It has been almost a year since I began working in the tea industry and during that time, I have managed to persuade a few people to change their drinking habits. The most important person I have influenced is my wife. She is Mexican and was an ardent coffee drinker.
We import tea from some of the most prestigious tea gardens in the world, from India to Sri Lanka to Kenya. I drink four to five cups of tea a day, initially without the addition of sugar or honey. I then evaluate each invoice and enjoy another cup, this time with some honey. Generally I avoid adding sugar because all tea tastes the same once sugar is added; the same is not true when I add honey.
My wife now drinks five to six cups of tea each day; in fact, she even has a teapot in her office. She finishes her day with an astringent Assam. I feel elated talking with her about grades, flushes, body, taste, flavors, and level of astringency. Now she is becoming an amateur tea taster! Yesterday we tasted and evaluated a first flush Makaibari; from my wife, I learned that the tea has the flavors of biscuit, almonds, and roasted nuts, that it is medium to light bodied with a lingering finish, and that it has a near perfect first flush balance. My wife is an example of how a person can change.

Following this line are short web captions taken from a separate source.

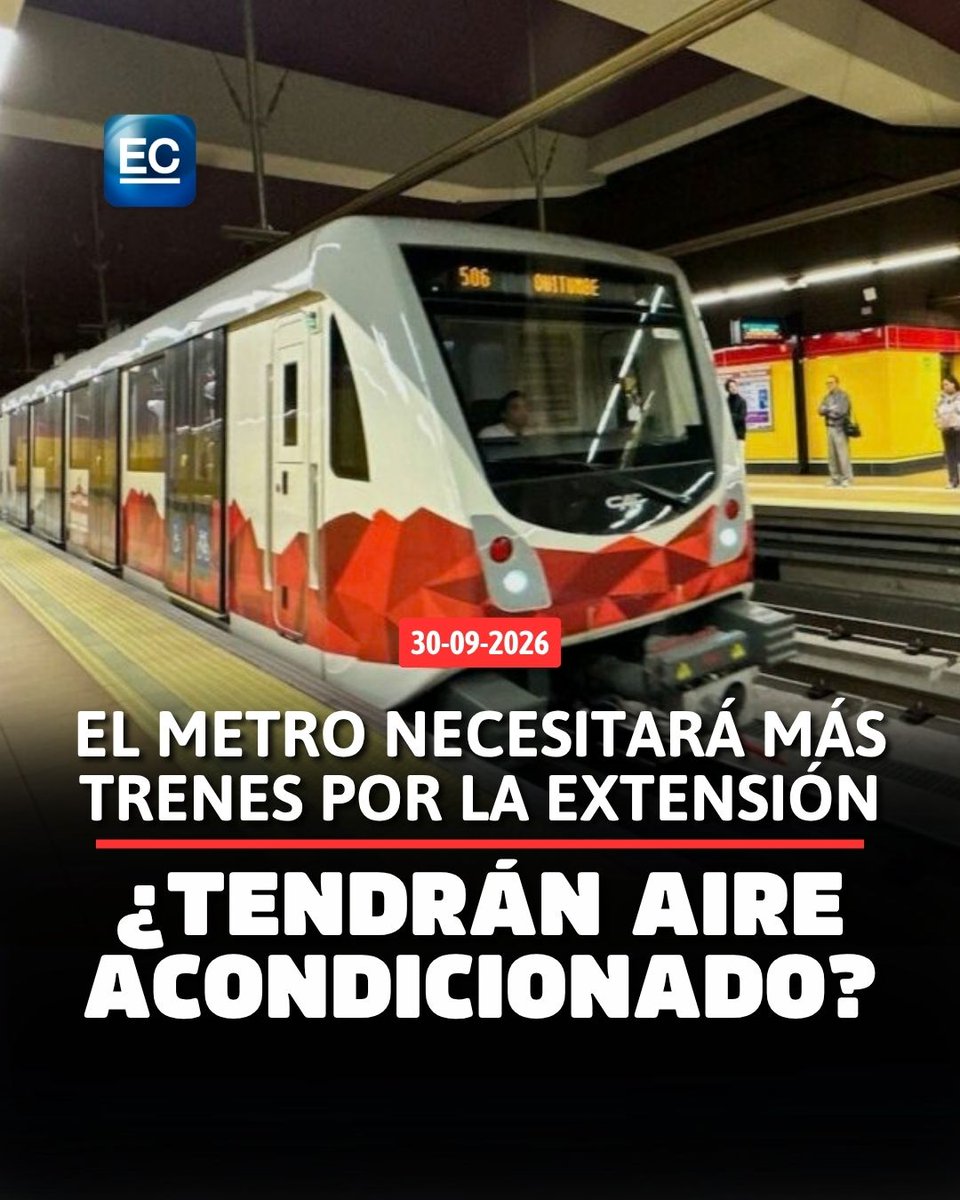 elcomerciocom's tweet photo. https://t.co/rYIgGnXA4O 👉 El Metro crecerá al norte y necesitará ampliar su flota https://t.co/vgQsTNa3QQ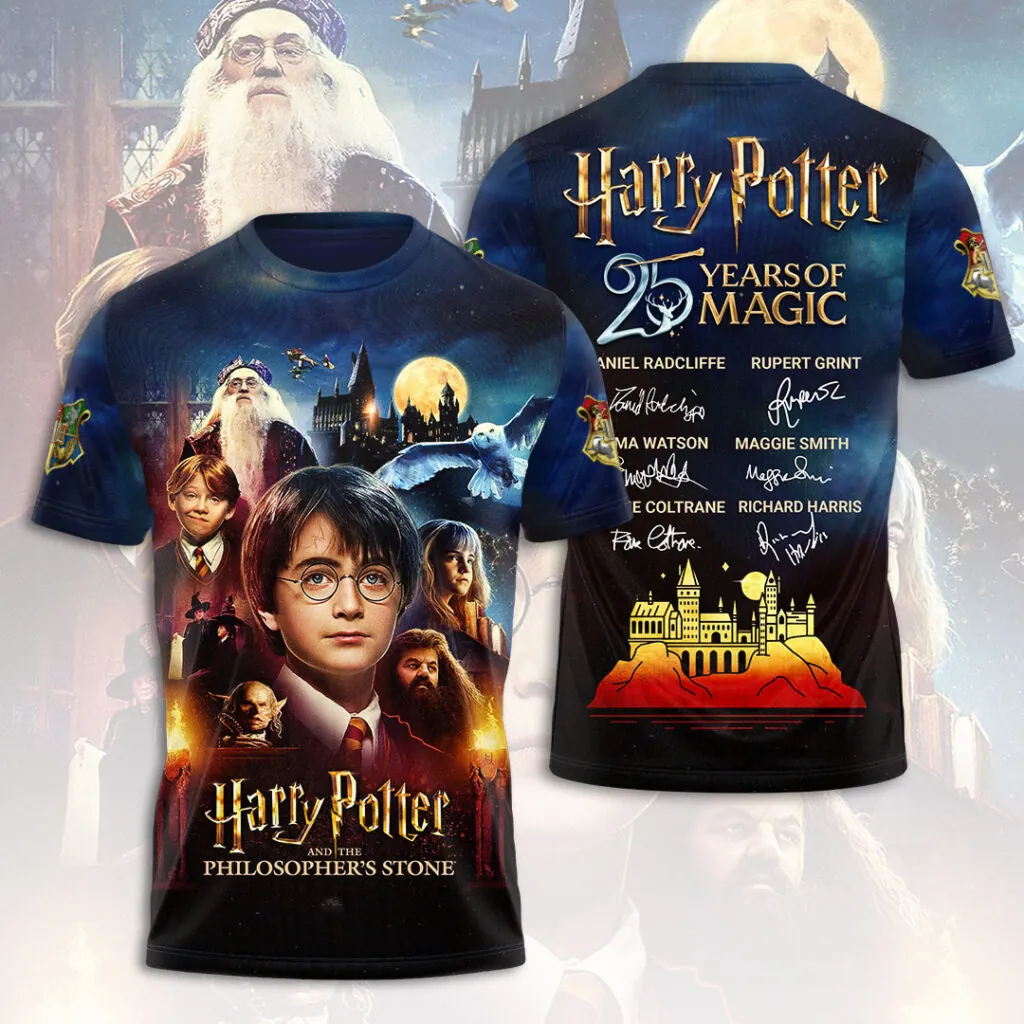 Harry Potter 25th Anniversary 3D Apparel-THK120379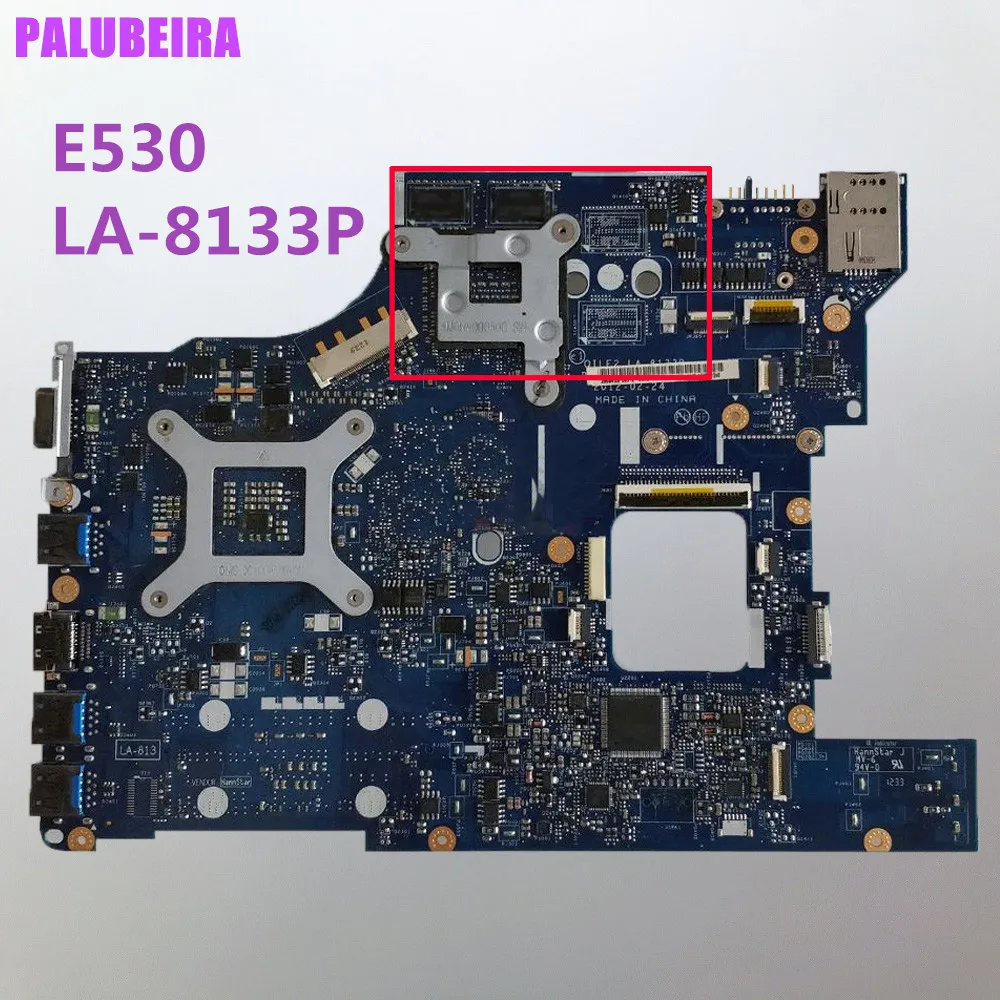 Материнская плата для ноутбука Lenovo E530 с 8 ЧИПАМИ Vga QILE2 LA 8133P DDR3 100%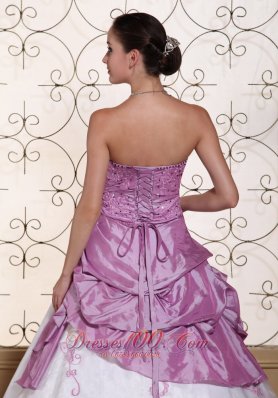 Beading Taffeta and Organza Prom Dress Ruffles Appliques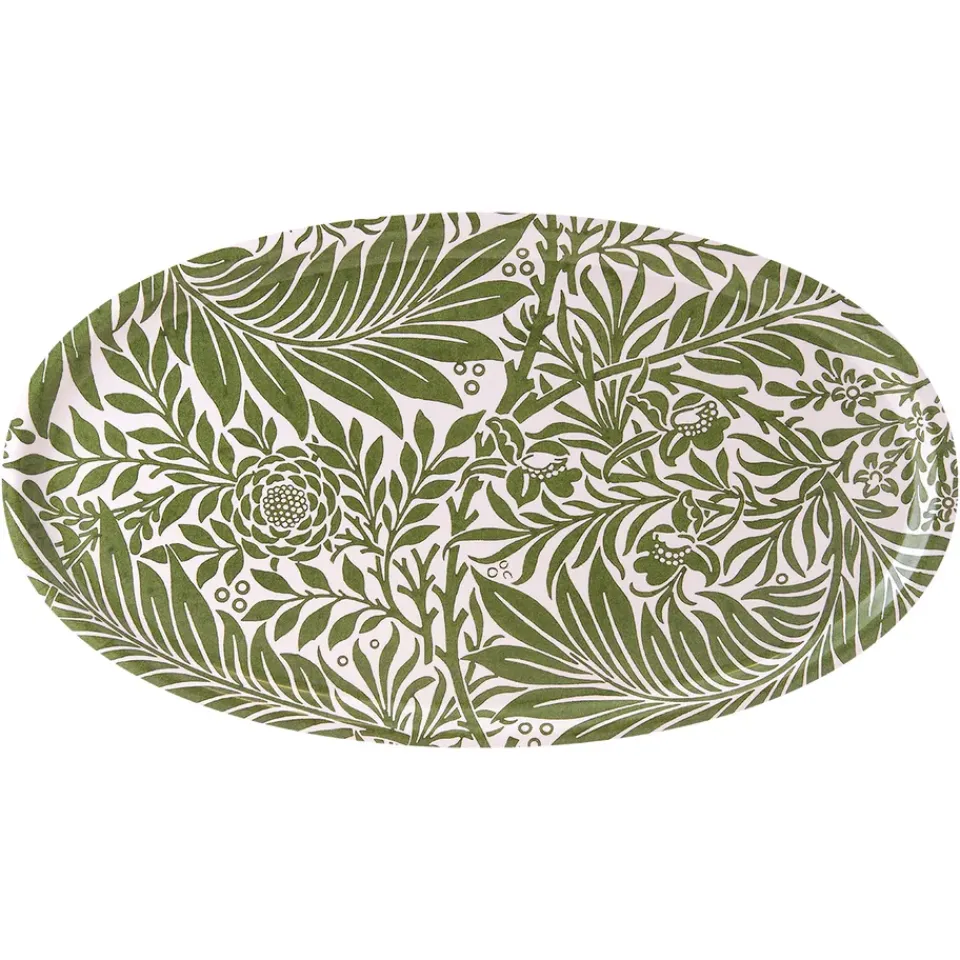 Trays^Åry Home Larkspur oval tray, 28x50 cm Green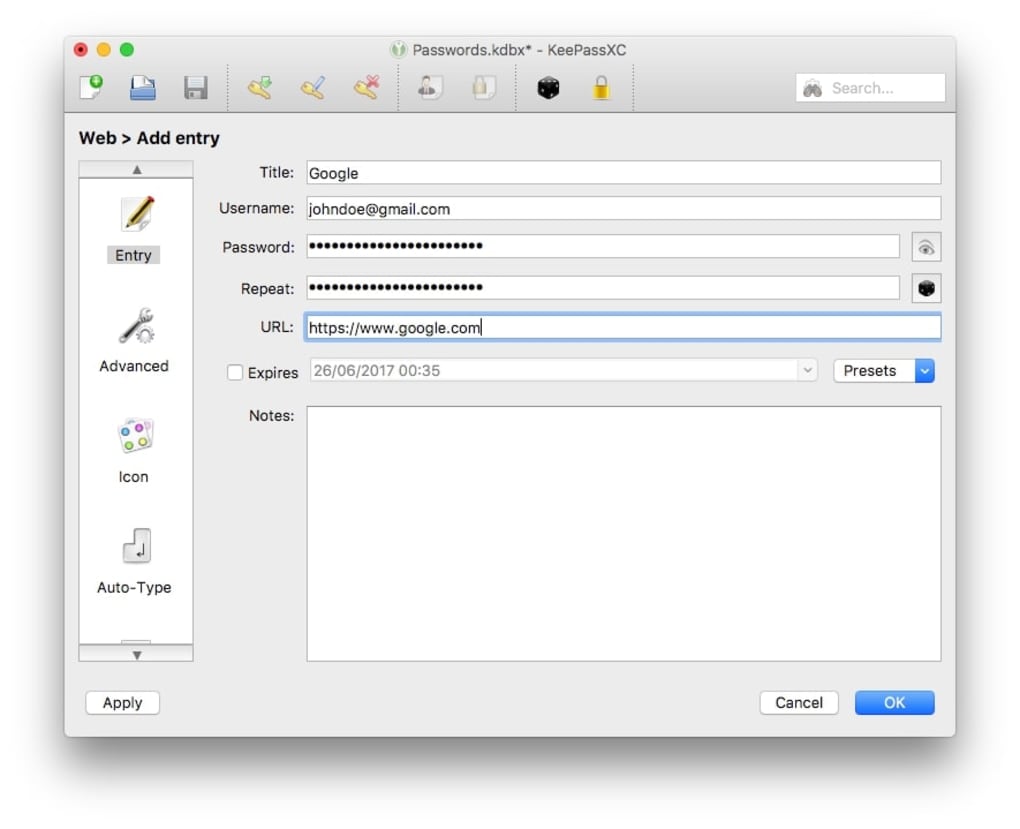 how to download keepass for mac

However, my work is not finished here. A few days ago, I received a message from celebrated chef and author of Cooking with Tea, Mr. Robert Wemischner, who is also a T Ching contributor, suggesting a collaboration with a culinary arts school in Mexico. I have been in touch with the chef and director of Le Cordon Bleu in Mexico City, Mr. Patrick Martin. Our tea company is hoping to collaborate with Le Cordon Bleu and Mr. Wemischner to continue the transformation of the Mexican palate when it comes to tea. In addition to serving tea in restaurants, we look forward to introducing main course recipes that include tea as well as desserts that are infused with tea. We see this as a small step toward a new tea culture in Mexico.